カンタン・ドゥピューの作品は「フランス映画っぽくない」から、是非今回のセレクションに入れたかったとのこと。
フランス映画で「不条理」というのは稀有な存在であるから。
『タイヤ』は、国からの助成金をもらうと手続きに時間がかかるから…ということでほぼひとりで制作。
二週間で撮了っていうからそれはすごい。
「自閉症的な映画」っていう例えが妙にしっくり来る。

カンタン・ドゥピューを例に挙げ
「今、フランス映画界は進化を遂げようとしている」
「フランスから離れようとしている」
とも。
「フランス映画の父を持たない」んだと。
ヌーヴェル・ヴァーグの影響を受けない、
フランス映画という枠から飛び出そうとしているんだと。
ジャンヌ・バリバールが来日したときに「私たちはヌーヴェル・ヴァーグの子です」と言っていたのが脳裏を過ぎる。

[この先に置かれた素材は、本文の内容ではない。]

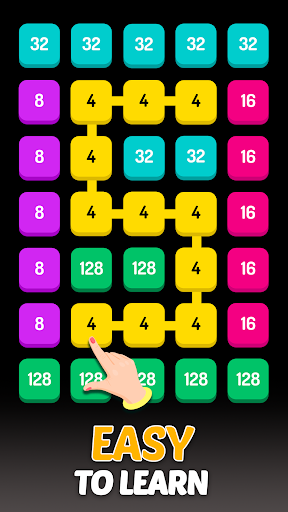 screenshots_2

ロメール、シャブロルという今年御逝去された二人の偉大な監督についても言及していた。
そういえばシャブロルには後継者がいない。
フランス映画界特異な存在。
リュック・ムレ(私誕生日一緒★)やデプレシャン、マチュー・アマルリック、モーリス・ピアラ、ジャン・ユスターシュ…色々聴けて充実した時間だったけど、ちょっと纏め切れない。。。。
長い長い飛行時間で復習しまっす。